------ DATASET EXCERPTS ------

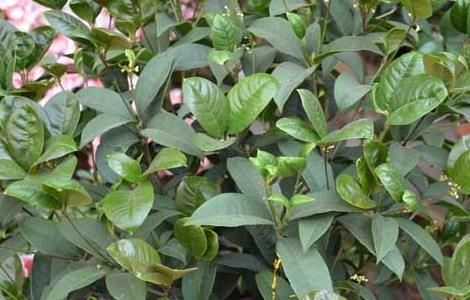 盆栽四季桂怎么养 盆栽四季桂怎么养家庭养法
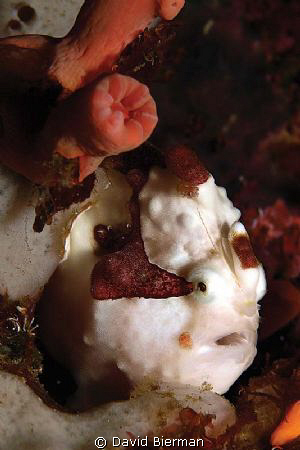 Frogfish hiding along the wall at Cabilao Island. by David Bierman 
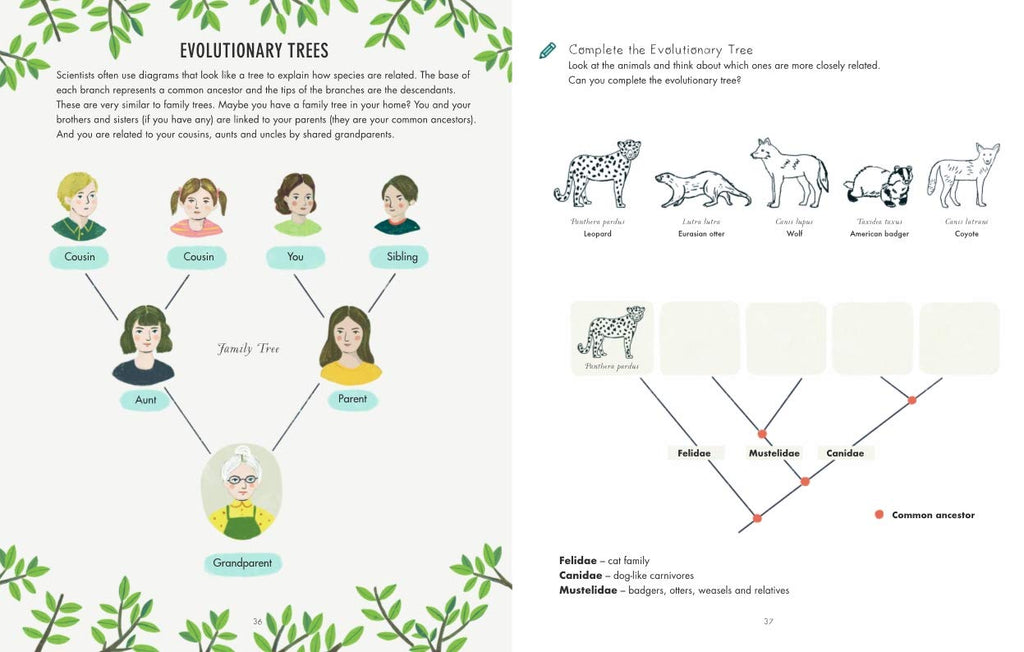 Evolution Colouring and Activity Book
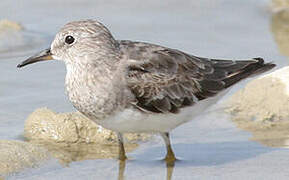 Temminck's Stint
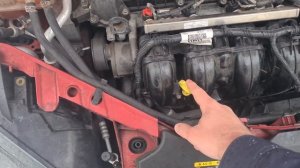 How to check the oil level on a car - Ford Focus MK2 2.0L Duratec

------

EXERCISE PROMPT :: All of the entries above are to be duplicated exactly, with every image left out.

OUTPUT OF THE EXERCISE ::
 盆栽四季桂怎么养 盆栽四季桂怎么养家庭养法
 Frogfish hiding along the wall at Cabilao Island. by David Bierman 
 Evolution Colouring and Activity Book
 Temminck's Stint
 How to check the oil level on a car - Ford Focus MK2 2.0L Duratec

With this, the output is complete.